You could always buy agar with antibiotics in it.

[Mr. Clean]

Quote:

Originally Posted by SharkieJones

You could always buy agar with antibiotics in it.

sporeworks has some top notch potato dextrose agar, fully sterilized.

can't go wrong.

[Awestruck]

The antibiotic agar will work well against bacterial contams but will be useless against the mean green.
A trick for getting a thermometer reading is to put your agar container in a water bath and take the temps of the water bath to monitor the temo of the agar, since the two will equilibrate. I also use a 10 mL pipette to pour my plates, but the pipettes come pre-sterilized in plastic sheaths. Since you have a flowhood, it is not that bad to have extra steps with pouring your plates or adding H2O2.

Sounds like the print is the most likely suspect here. It is easy to find out.
Pour some plates like you have been doing and keep them for a week without innoculating them. Are they still sterile? Then it's the print! Are they contammed? Then it's your sterile technique... which could be the hood, dishes, syringes, themometer...
I'd also go for 30 mins in the PC for 250 mL. It won't hurt the agar at all.

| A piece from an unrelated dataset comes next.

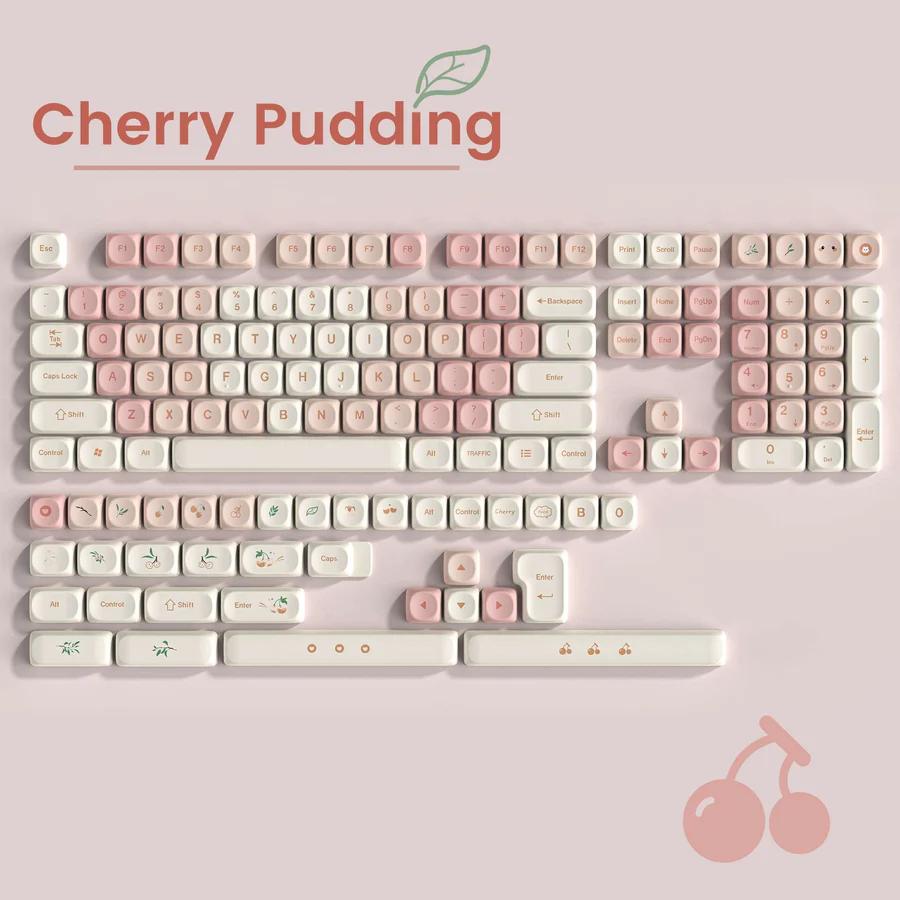 XVX Cherry Pudding MOA Profile Keycap Dye-Sub PBT Plastic Keycaps (140 / 142-Key)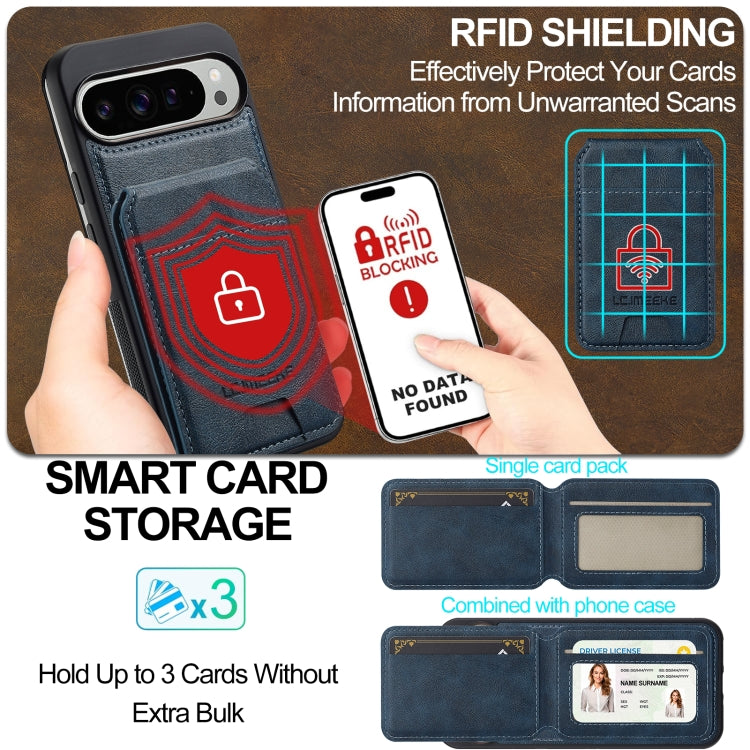 For Google Pixel 9 Pro XL LC.IMEEKE L3 Series Detachable RFID Card Bag Magsafe Phone Case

When you get some viable agar, you can streak it with some spores from your print. You want a fairly dilute solution to do this with since you only want a few colonies on your plate. If you use straight spores, it will be very hard to cut down on contams. An easy way to dilute is to take some sterile water and put some spores in it, mix it up (like a spore syringe) and use that solution to streak your agar. I can explain more if you like.
Hope you get it figured out soon. Keep us posted

[calicyco]

Awestruck is correct, check you technique and then if all is good, and you have a contaminated print, get going on cleaning the culture.

The way to do this is well documented, TMC, MMGG, teks here, etc.

Basically, you want a dilute spore solution, to spread out the contams and good spores. Get them germinating on agar and as soon as you can identify mycelium, transfer it away to a clean plate. Take a very very tiny bit of good mycelium from a contaminated plate and transfer it to a clean one. Then repeat, until all you have growing is a clean plate with good healthy mycelium on it. You want to run away from the contamination as far as possible with multiple transfers. Which is why agar is so useful, you can clean up extremely dirty prints this way. If your print is dirty, you WILL get contams. All is not lost though, as you have a method for getting away from it.

I see no need to measure temperature of agar though, it responds to certain temps by melting/gelling. They do sell infrared laser thermometers to measure temps so you'd never touch anything at all. They are around $60-100 from a quick search. However you should get used to doing it by feel, its not hard and you'll get the hang of it in no time.